I came across the phrase ‘a good basting’ recently in a non-culinary sense. It was in an old story, and referred to a good beating or whalloping – a right royal punch-up, in fact, or a good-old bastinado, perhaps. The very same day I tidied up my disgracefully messy sewing room (a displacement activity akin to sharpening one’s pencils), and the remembered that ‘basting’ is also a needlework phrase for joining something up with long, temporary stitches. ‘Basting’ is also, of course, something you do to roasting meat while it is cooking.
Naturally, three such different uses of the word intrigued me, so off to the authorities I went. To put it briefly, the various dictionaries hazard lots of guesses, but dare not get definitive. In dictionary-speak therefore, the origin of the various uses of the word is ‘obscure’ or even ‘unknown’. I did find one attempt to connect the meanings of beating and meat-basting. It is in A New Dictionary of the English Language (1844), by Charles Richardson. The author quotes a source called ‘Sk’, who ‘believed is baste – to strike; because formerly it was the custom to rub the meat with a stick covered with fat; though now the liquid is dropped upon the meat from a distance’.

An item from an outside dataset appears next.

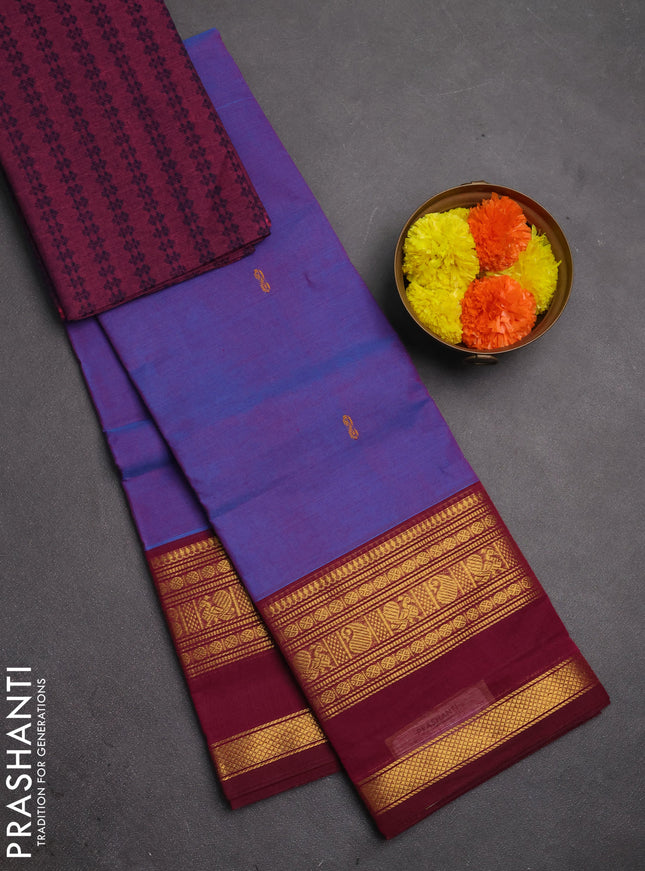 Chettinad cotton saree dual shade of blue and dark magenta pink with thread woven buttas and rettapet zari woven border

The idea, of course, is to keep the meat moist, and to add flavour. So, what to use to do this? One of my favourite books, William Salmon’s Household Companion (1695)- which is written in dictionary format – has, under the heading ‘Bastings of Meats or Fowls’, the following suggestions:

(1) Clarified Suet (2) Fresh Butter (3) Minced Sweet-herbs, Butter and Claret-wine; and this last is excellent for Mutton or Lamb (4) Water and Salt (5) and especially for a Flayed Pig, Cream and melted Butter well beaten up together (6) Yolks of Eggs, Juice of Oranges, and grated Bisket: And if this be intended for large Fowl, as Bustards, Peacocks, or Turkeys, you may use the same.

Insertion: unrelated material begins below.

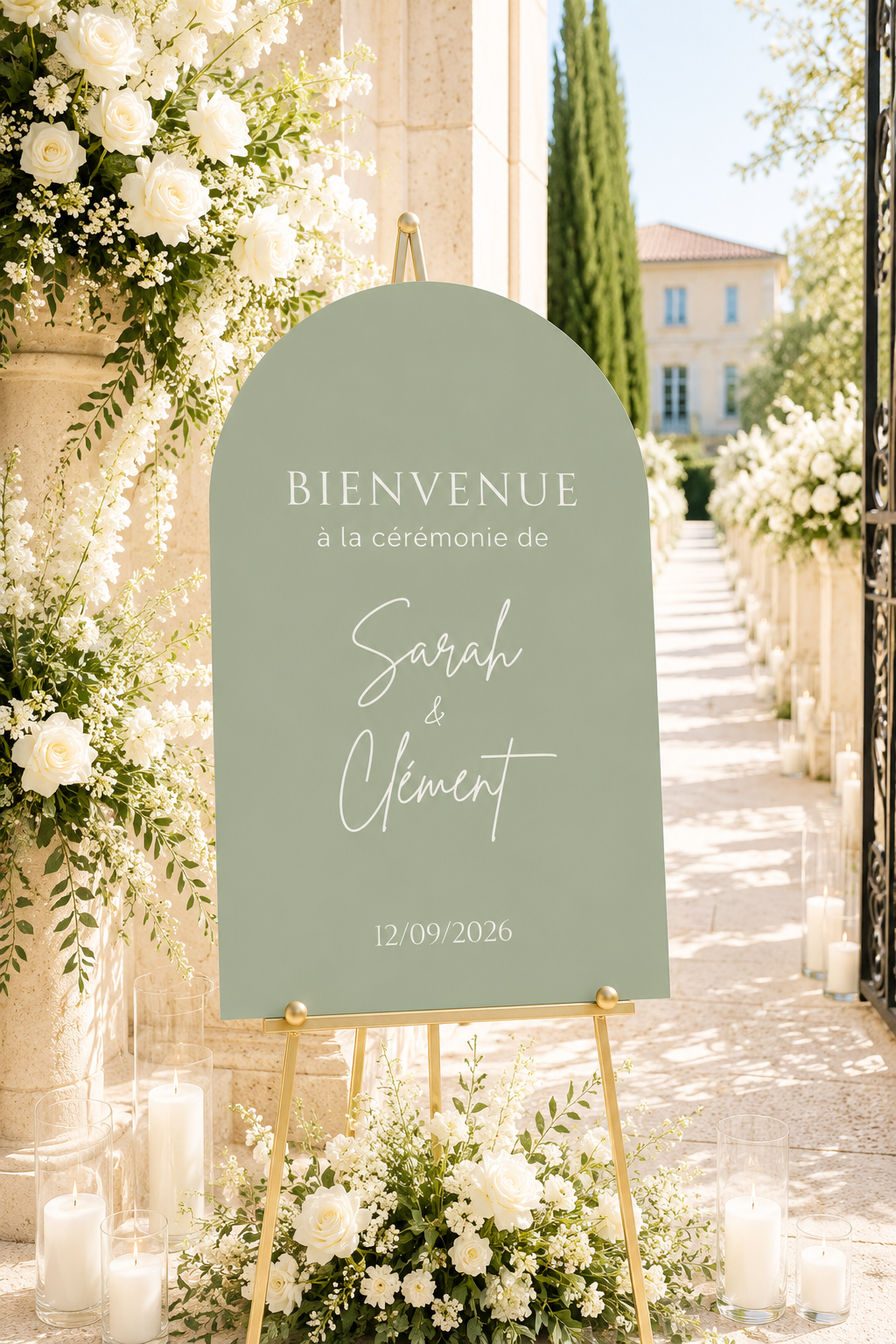 Panneau bienvenue mariage arche vert | Brittany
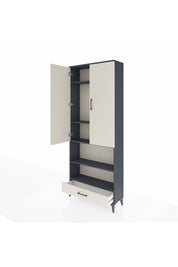 Arges Dolap 5 Raflı Tek Çekmeceli 2 Kapaklı 88x30x221 Antrasit-Aytaşı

There is no doubt about it - the obscure origin of the word indicates that the use (in the culinary sense) is very old – much older than Salmon’s time. The earliest OED reference is from 1509 ‘The fat pygge is baast, the lene cony is brent.’ The second is from the famous cookbook called Epulario (or, The Italian Banquet), the English edition of 1598, which instructs, in a recipe for roasted kid ‘Let it rost sokingly, basting it oft with the foresaid sauce.’

I love that loving phrase ‘to rost sokingly’, so I hereby give you the actual recipe (and a spare, with a LOT of garlic) from Epulario. You could subsitute lamb, if you like.

To rost a Kid with Garlike.
Take the kid and larde it with Garlike very well, and stuff it full of cornes of Garlike well pilled, then take Verjuice, the yolkes of two Eggs, and two cornes of Garlike well beaten in a morter, with a little Pepper, and some fat broth, mire them all together, and set it under the kid while it rosteth, and bast it therewith, and when it is rosted, put it in a dish with that sauce: the kid would be well rosted, and eaten hote.


To rost a Kid otherwise without Garlike.
Take the kid and larde it well, then take the Liver and lights and beat them well togeher with suet, that done, take seven or eight Egges sodden [boiled], and beat them with Parsely, Mint, and a little Sage, and mingle them together, putting thereto Pepper, Saffron, and a few cloves, wherewith you shall stuffe the Kid, and so lay it to the fire, and let it rost sokingly, basting it often with the aforesaid sauce, without garlike.


Quotation for the Day.

“The human body, when it freezes in eternal silence, is said to be worth about ninety-eight cents. The body of an ordinary south European, if we could devise the means for extracting the garlic from it, would be worth a bushel of gold.”
Angelo Pellegrini, 'The Unprejudiced Palate' (1948)

1 comment:

KT said...

"...now the liquid is dropped upon the meat from a distance." Ha!

And, love the snarky comment from the "unprejudiced palate." (a garlic bigot - very uncool.)